Мы смеемся над Санчо Пансой, когда его бросают на одеяло и подкидывают в воздух, как простой мяч. Мы смеемся над бароном Мюнхгаузеном, когда он превращается в пушечное ядро и летит в пространство. Но некоторые упражнения цирковых клоунов позволят нам, пожалуй, еще точнее проверить этот закон. Для этого надо отвлечься от шуток, которыми клоун разукрашивает самое существенное в своей игре, и сосредоточить внимание на этом существенном, то есть на позах, прыжках и различных движениях, которые составляют собственно «клоунское» в искусстве клоуна. Только дважды пришлось мне наблюдать этот комический жанр в чистом виде, и в обоих случаях я получил одно и то же впечатление. В первый раз клоуны ходили взад и вперед, толкали друг друга, падали, отскакивали друг от друга, ритмически-равномерно ускоряя свои движения с явным намерением достичь crescendo. И постепенно внимание публики все более и более направлялось на отскакивание. Мало-помалу забывалось, что это люди из плоти и крови. Казалось, что это какие-то падающие и сталкивающиеся между собой тюки. Затем обман зрения все усиливался. Формы, казалось, округлялись, тела катались, как бы превращаясь в шары. Наконец появилось то, к чему вела — несомненно бессознательно — вся эта сцена: резиновые шары, перебрасываемые во всех направлениях один навстречу другому. Вторая сцена, еще более грубая, была не менее поучительна. Вышли два человека с огромными, совершенно лысыми головами. Они были вооружены здоровыми палками, и каждый поочередно бил своей палкой по голове другого. И здесь соблюдалась постепенность. После каждого удара тела, казалось, становились тяжелее, утрачивали подвижность, словно все больше и больше отвердевали. Ответный удар с каждым разом все более запаздывал, но вместе с тем становился все тяжелее и звучнее. Черепа страшно гудели в притихшем зале. Наконец уже совершенно не гнущиеся и медлительные, прямые, как кол, тела склонились одно к другому, палки в последний раз ударили по головам, как огромные молоты по дубовым бревнам, и все повалилось на пол. В эту минуту с полной ясностью обрисовалось то представление, которое артисты постепенно вколачивали в воображение зрителей: «мы сейчас обратимся, мы уже обратились в массивные деревянные манекены».
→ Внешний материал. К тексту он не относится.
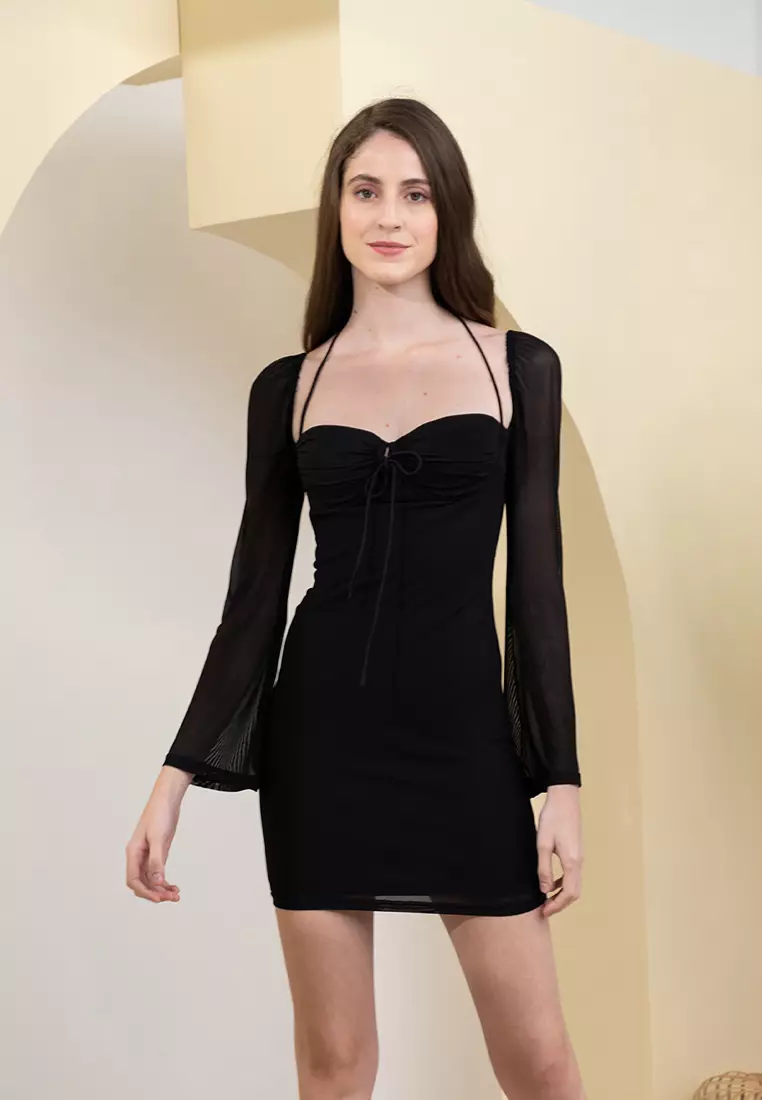 Buy Zalora Studios Chiffon Halter Mini Dress 2024 Online ZALORA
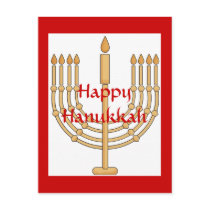 Happy Hanukkah Postcard by forbes1954 Happy Hanukkah Postcard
Неразвитые умы могут смутным инстинктом постигнуть здесь некоторые тончайшие выводы психологии. Известно, что простым внушением можно вызвать у загипнотизированного человека зрительные галлюцинации. Ему говорят, что у него на руке сидит птица, и он видит птицу, видит, как она улетает. Но далеко не всегда внушению следуют с такой покорностью. Часто бывает, что гипнотизеру удается внедрить его лишь незаметно, постепенно. Он начинает в таком случае с предметов действительно видимых гипнотизируемым и старается делать восприятие этих предметов все более и более смутным; потом, шаг за шагом, он вызывает из тумана точные очертания предмета, галлюцинации которого он хочет вызвать. Некоторые люди, перед тем как заснуть, часто видят бесформенные, колышущиеся, окрашенные в разные цвета массы, занимающие все пространство, а затем постепенно отвердевающие и принимающие формы определенных предметов. Постепенный переход от неясного к отчетливому — наилучший способ внушения. Я думаю, что именно он лежит в основе многочисленных способов внушения комических свойств, особенно же внушения грубо-комического, когда кажется, что человек на наших глазах превращается в вещь. Но существуют другие, более тонкие приемы, — у поэтов, например, — которые употребляются, быть может бессознательно, для той же цели. Посредством известных сочетаний ритма, рифмы, созвучий можно убаюкать наше воображение, укачав его однообразием, и подготовить его таким образом к покорному восприятию внушаемого образа. Прочтите нижеследующие стихи Реньяра и заметьте, как в вашем воображении пронесется образ куклы:
… Plus, il doit à maints particuliers
La somme de dix mil une livre une obole,
Pour l'avoir sans relache un an sur sa parole
Habillé, voituré, chauffé, chaussé, ganté,
Alimenté, rasé, désaltéré, porté. [5] Больше того, он должен многим частным лицам сумму в десять тысяч один фунт и один обол за то, что они без перерыва целый год, по его слову, одевали его, катали в каретах, согревали, обували, снабжали перчатками, кормили, брили, поили, носили.
Не видите ли вы нечто в том же роде в следующем куплете Фигаро (хотя здесь, пожалуй, внушается скорее образ животного, чем вещи): «Что это за человек? — Это красивый, толстый, маленький моложавый старичок, седоватый, хитрый, бритый, пресыщенный, который вечно подстерегает, разнюхивает, рычит и скулит одновременно».